C'est donc à tort que le TAPI a renoncé à trancher la question de la soumission du bâtiment à la protection des art. 89 ss LCI, alors que l'autorité ayant rendu la décision dont il devait examiner la conformité au droit sur recours l'avait fait. Il devra se prononcer sur la base des éléments mis en évidence par les mesures d'instruction auxquelles il a déjà procédé et si besoin, diligenter d'autres actes d'instruction qu'il jugerait nécessaires. Cela fait, il devra examiner les griefs soulevés par la SI dans son recours.

Au vu de ce qui précède, le recours sera admis, le jugement du TAPI annulé et la cause renvoyée au TAPI au sens des présents considérants.

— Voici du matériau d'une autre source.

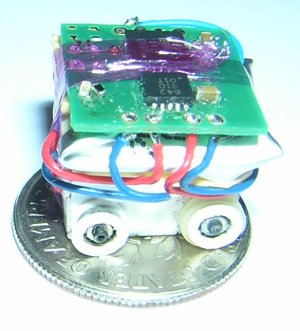 Pico the Micro Robot sitting on a dime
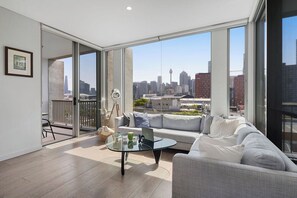 Living area - Lux 2BR apartment in Darling Harbour with Balcony Spa (Ultimo)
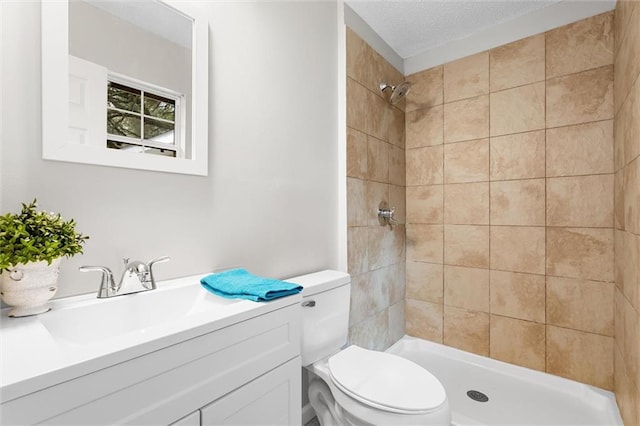 bathroom featuring vanity, toilet, a textured ceiling, and a tile shower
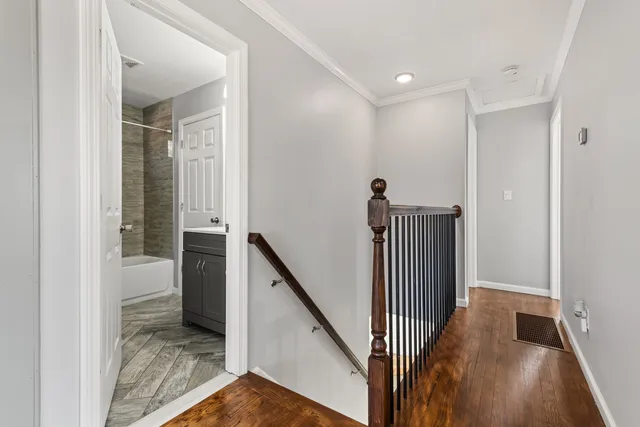 a view of a hallway with wooden floor and staircase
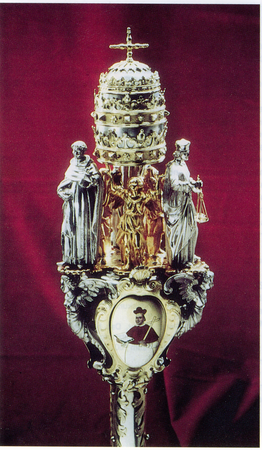 Päpstliches Zepter 1656 - Päpstliches Zepter 1656
Das Salzburger Zepterpaar gehört zu den schönsten barocken Universitätszeptern. Es kam jedoch in sehr schlechtem Zustand in Würzburg an und wurde zunächst grundlegend restauriert aber auch verändert.
Die Zepter waren 1656 geschaffen worden und sind jeweils als Zeichen der kaiserlichen und päpstlichen Privilegierung mit einer Kaiserkrone und der Tiara bekrönt. Sie waren in Würzburg so selbstverständlich in Gebrauch, dass die älteren Stifterzepter im Verlauf dieser Zeit unbemerkt abhanden kamen. Auch das Wissen um die Herkunft der neuen Zepter war verloren gegangen.
Dies sollte sich 1944 schmerzlich bemerkbar machen, als das Zepterpaar auf Druck des Gauleiters und Reichsstatthalters von Salzburg in Ausnutzung der NS-Machtstrukturen nach Salzburg zurückgebracht werden musste. Päpstliches Zepter 1656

7) Vu l'issue du litige, un émolument de CHF 1'000.- sera mis à la charge de la SI qui succombe dans ses conclusions (art. 87 al. 1 LPA). Il ne sera pas alloué d'indemnité de procédure (art. 87 al. 2 LPA).

* * * * *

PAR CES MOTIFS
LA CHAMBRE ADMINISTRATIVE

à la forme :

déclare recevable le recours interjeté le 22 octobre 2018 par la Ville de Genève contre le jugement du Tribunal administratif de première instance du 18 septembre 2018 ;

au fond :

l'admet ;

annule le jugement du Tribunal administratif de première instance du 18 septembre 2018 ;

renvoie la cause au Tribunal administratif de première instance au sens des considérants ;

met un émolument de CHF 1'000.- à la charge de la Société immobilière rue des Cordiers 6 SA ;

dit qu'il n'est pas alloué d'indemnité de procédure ;

dit que conformément aux art. 82 ss de la loi fédérale sur le Tribunal fédéral du 17 juin 2005 (LTF - RS 173.110), la présente décision peut être portée dans les trente jours qui suivent sa notification par-devant le Tribunal fédéral, par la voie du recours en matière de droit public ; le mémoire de recours doit indiquer les conclusions, motifs et moyens de preuve et porter la signature du recourant ou de son mandataire ; il doit être adressé au Tribunal fédéral, 1000 Lausanne 14, par voie postale ou par voie électronique aux conditions de l'art. 42 LTF. La présente décision et les pièces en possession du recourant, invoquées comme moyens de preuve, doivent être jointes à l'envoi ;

communique le présent arrêt à la Ville de Genève, à Me Christophe Gal, avocat de la Société immobilière rue des Cordiers 6 SA, au département du territoire-OAC, ainsi qu'au Tribunal administratif de première instance.

Siégeant : Mme Payot Zen-Ruffinen, présidente, M. Thélin, Mme Cuendet, juges.

 

Au nom de la chambre administrative :

le greffier-juriste :

 

 

F. Scheffre

 

 

la présidente siégeant :

 

 

F. Payot Zen-Ruffinen

 

Copie conforme de cet arrêt a été communiquée aux parties.